As a gamedev: Early Access was useful for devs, back when it was real Early Access. Think: Kerbal Space Program (the first, not the second).

Nowadays it's mostly a marketing tool, that allows to generate the hype for launch twice... Publishers and players expect "Early Access" games to be feature complete and polished before the "Early Access" launch...

[–] Nalivai@discuss.tchncs.de 17 points 1 year ago (1 children)

And again, Larian Studios used EA as intended, which allowed them to publish a good, polished game.

[–] stopthatgirl7@kbin.social 7 points 1 year ago

As did Supergiant, with Hades. When Early Access is used properly, it can help make a great game.

[–] Maultasche@feddit.de 5 points 1 year ago (2 children)

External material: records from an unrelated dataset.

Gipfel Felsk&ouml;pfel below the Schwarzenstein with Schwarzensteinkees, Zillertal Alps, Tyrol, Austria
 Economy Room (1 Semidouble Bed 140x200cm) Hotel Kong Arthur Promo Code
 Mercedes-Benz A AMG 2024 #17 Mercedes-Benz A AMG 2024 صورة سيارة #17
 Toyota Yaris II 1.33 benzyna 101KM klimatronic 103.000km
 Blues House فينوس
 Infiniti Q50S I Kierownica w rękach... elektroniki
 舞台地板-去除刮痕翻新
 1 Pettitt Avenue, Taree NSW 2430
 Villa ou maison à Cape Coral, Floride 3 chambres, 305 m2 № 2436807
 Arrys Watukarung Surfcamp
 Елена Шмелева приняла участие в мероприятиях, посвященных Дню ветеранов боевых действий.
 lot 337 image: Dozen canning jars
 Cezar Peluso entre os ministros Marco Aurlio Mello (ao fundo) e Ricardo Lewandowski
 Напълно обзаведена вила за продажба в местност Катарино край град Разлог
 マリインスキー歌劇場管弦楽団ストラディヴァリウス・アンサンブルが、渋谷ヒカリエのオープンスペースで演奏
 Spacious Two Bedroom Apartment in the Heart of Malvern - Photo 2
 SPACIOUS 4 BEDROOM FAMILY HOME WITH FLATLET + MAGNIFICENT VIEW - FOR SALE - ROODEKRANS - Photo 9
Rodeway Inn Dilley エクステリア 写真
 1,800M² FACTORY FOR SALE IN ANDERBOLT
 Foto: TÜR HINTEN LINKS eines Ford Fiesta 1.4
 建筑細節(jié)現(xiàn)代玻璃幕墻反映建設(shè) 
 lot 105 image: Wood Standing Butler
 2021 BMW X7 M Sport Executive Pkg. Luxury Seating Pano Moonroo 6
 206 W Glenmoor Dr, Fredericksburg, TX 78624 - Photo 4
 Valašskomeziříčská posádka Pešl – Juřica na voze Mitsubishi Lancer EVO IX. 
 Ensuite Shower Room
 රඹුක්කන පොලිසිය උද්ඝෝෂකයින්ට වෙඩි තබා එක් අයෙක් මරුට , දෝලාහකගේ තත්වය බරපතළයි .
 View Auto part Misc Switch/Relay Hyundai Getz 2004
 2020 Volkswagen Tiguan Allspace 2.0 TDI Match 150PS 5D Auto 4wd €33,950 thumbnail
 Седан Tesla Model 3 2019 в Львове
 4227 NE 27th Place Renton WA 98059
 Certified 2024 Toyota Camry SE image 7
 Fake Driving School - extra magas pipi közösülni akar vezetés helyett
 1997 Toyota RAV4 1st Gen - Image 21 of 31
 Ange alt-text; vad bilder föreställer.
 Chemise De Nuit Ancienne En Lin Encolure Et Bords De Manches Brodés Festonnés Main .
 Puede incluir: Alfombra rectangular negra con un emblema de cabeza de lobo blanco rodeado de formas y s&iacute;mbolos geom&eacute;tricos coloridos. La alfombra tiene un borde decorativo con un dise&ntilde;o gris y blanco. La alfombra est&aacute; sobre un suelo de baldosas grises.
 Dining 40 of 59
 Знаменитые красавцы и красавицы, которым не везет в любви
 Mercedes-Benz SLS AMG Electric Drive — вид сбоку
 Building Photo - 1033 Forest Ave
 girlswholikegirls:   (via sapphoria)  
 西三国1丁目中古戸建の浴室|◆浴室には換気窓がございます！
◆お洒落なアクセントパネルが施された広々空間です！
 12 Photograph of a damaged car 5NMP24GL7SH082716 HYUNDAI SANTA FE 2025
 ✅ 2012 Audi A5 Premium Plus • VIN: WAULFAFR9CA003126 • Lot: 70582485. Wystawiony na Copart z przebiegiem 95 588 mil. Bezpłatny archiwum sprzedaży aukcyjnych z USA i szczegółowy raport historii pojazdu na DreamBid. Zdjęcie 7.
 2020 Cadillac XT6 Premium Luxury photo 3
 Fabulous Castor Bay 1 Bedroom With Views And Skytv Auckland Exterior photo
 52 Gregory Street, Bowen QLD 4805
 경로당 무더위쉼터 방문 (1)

I liked what Daemon X Machina did, where they released a demo, sent out questionnaires to everyone who downloaded it, published a video about the results save how they were planning to act on it, and a few months later released a new demo with a new questionnaire.

[–] soulsource@discuss.tchncs.de 4 points 1 year ago

Yep, that's probably the most helpful thing for devs. This sadly often conflicts with publishers' announcement schedules. There are, however, companies that do NDA-protected play-tests, where you get the same kind of information, without publicly announcing the game.

[–] Appoxo@lemmy.dbzer0.com 3 points 1 year ago

Ubisoft did (does?) it to a degree with their Rainbow 6 TTS (beta) servers to test the sandbox and did so for a few technical alpha/beta releases acting as selected pewviews to see how the game is received and where bugs are.